Andras Szakal, chief technology officer at The Open Group, has shared his thoughts on recent “megatrends” in global work life and technology and what he foresees as their impacts on one another.
In an article for the Global Banking & Finance Review, Szakal traces the effects of the COVID-19 pandemic on attitudes toward the workplace as well as identifies the digital transformations needed to keep pace with such evolutions.
Szakal notes that when necessary changes occurred because of the pandemic, they were in line with shifts that were already happening in terms of technological and medical innovations.
“Even just five years ago many of the strategies we used to mitigate [the pandemic’s] damage – from remote working to rapid vaccine and therapeutics development – would not have been possible in the same way,” Szakal writes.
The executive also discusses how mass-career-changes – which he dubs “the great resignation” – from in-person, hospitality-based jobs to digitally rooted ones will (and perhaps have already begun to) usher in an implementation of artificial intelligence and automated technologies in place of these vacating workers.
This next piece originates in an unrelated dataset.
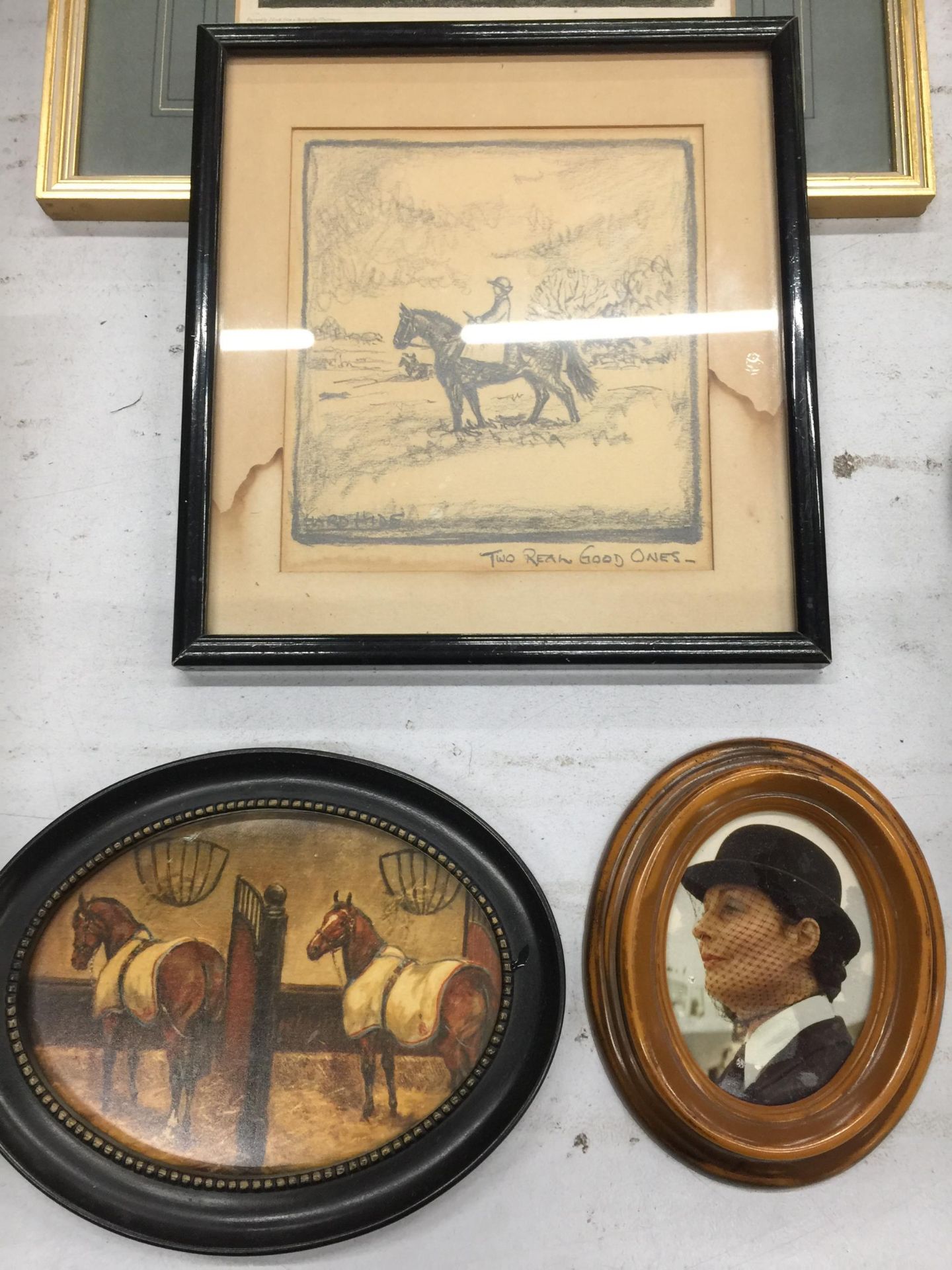 A MIXED LOT OF FRAMED ENGRAVINGS TO INCLUDE PAIR OF HORSE / HUNTING SCENES ETC - Bild 4 aus 4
Szakal attributes this to data that shows that it is “the nature of the work, and not just their ability to get a job, as their main motivating factor” to switch career paths.
In addition to AI, he cites quantum computing and augmented reality as other technologies that are evolving at an ideal rate to meet the ever-growing and mutating needs of humans.
In the end, Szakal turns to technology architecture as a way to allow separate aspects of society that have grown increasingly codependent to cross-pollinate and communicate effectively.
“Without a holistic architecture to structure that communication, the end result will be chaos,” Szakal writes, continuing, “In order to grow and adapt through the next waves of change, which blur any distinction between technological and business pressure, that kind of thinking will need to be elevated to encompass a bigger, clearer picture where continuous digital transformation is core to the strategy.”
He also says he believes a software by his company the Open Group called the TOGAF Standard offers a winning platform for exercising a functional digital architecture.